The GJ Gardner Homes NSW Kokoda Track team comprised 16 staff members from 7 franchises who took on the gruelling trek from the 5th-14th of August. Their goal was to raise $120,000 for the two charities; at time of writing, the team has exceeded their goal with $147,540 raised for Legacy and MATES.
Awaiting Michael and the rest of the GJ Gardner team was the difficult 96km, single-file trail in eastern Papua New Guinea that was the site of a battle between Australian and Japanese forces during World War II. After months of training and preparation that Michael fitted around a loaded work schedule, he was well on his way towards the starting point of the famously tough trek. He says: “I was working hard that week before I had to go, so I wasn’t really thinking about it too much. But in PNG that morning, getting on a small plane to travel over to Kokoda, the nerves started to kick in a little bit.”
Besides the difficult terrain, one of the greatest challenges for Michael was the consistency needed to complete the whole 10-day program. He says: “Getting up every morning at 5am and doing it again, even when you’ve got tired legs is difficult.

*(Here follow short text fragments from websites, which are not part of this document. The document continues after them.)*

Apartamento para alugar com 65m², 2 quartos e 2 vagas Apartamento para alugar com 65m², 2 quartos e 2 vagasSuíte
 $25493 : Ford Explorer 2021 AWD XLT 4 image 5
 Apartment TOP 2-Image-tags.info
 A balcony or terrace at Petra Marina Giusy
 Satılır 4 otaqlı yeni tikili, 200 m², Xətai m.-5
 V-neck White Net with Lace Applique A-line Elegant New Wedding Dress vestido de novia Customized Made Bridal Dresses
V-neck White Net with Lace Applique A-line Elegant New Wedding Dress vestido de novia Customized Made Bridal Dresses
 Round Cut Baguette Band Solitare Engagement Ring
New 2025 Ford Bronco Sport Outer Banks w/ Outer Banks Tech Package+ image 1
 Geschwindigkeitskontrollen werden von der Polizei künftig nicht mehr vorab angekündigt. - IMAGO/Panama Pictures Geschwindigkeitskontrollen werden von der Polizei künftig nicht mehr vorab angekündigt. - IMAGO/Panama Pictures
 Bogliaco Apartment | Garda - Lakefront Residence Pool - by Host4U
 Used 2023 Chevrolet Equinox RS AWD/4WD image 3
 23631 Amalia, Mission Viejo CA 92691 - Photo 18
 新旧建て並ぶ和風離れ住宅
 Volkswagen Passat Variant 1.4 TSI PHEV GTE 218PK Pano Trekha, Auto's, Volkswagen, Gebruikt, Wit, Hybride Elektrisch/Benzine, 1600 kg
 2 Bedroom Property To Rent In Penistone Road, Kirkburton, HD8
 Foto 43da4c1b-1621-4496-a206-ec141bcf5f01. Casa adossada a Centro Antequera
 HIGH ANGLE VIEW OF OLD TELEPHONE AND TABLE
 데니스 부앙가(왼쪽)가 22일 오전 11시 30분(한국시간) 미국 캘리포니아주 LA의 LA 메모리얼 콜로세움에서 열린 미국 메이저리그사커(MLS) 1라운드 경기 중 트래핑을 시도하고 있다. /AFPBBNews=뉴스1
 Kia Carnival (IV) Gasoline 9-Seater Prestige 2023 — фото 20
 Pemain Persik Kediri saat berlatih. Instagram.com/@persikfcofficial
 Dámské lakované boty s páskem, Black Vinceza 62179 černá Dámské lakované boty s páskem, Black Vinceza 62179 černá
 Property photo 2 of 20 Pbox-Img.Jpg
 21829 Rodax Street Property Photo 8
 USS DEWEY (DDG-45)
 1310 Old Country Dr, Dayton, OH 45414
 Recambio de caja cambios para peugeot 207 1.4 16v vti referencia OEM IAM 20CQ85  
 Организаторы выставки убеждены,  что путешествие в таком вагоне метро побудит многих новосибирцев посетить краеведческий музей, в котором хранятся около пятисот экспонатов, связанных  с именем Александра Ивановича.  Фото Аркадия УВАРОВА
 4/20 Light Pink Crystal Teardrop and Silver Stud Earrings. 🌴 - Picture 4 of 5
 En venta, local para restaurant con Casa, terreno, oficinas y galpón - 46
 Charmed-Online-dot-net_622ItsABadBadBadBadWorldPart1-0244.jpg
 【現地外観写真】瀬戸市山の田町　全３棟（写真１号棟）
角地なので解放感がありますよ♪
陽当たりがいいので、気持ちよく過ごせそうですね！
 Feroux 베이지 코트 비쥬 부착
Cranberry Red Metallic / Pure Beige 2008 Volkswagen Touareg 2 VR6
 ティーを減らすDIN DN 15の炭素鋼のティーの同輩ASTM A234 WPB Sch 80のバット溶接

It’s about getting that mental state to keep doing it.”
Despite how tough the trip often was, Michael found solace in the people he was travelling with, such as Rob McLeod and Simon Curtis. “I don’t think I could have asked to do it with any better people,” Michael comments. “You’d get into conversations with people you knew and have a chat about family and life, all that type of stuff. If no one was talking about anything, it seemed that day went longer. But when you’re talking, maybe that 10 minutes feels like 1 minute. So that made a big difference, getting close to everyone in those last few days.”
Upon returning home, Michael’s not had much time to reflect on the whole experience: “I haven’t even sat down and had a good think about it. I have thought about how bad it is in PNG with poverty and unemployment; that hit hard.” He says. “But we’re hoping to do a bit more over there as a whole franchise which would be good. And I would love to try and think of what my next challenge will be.”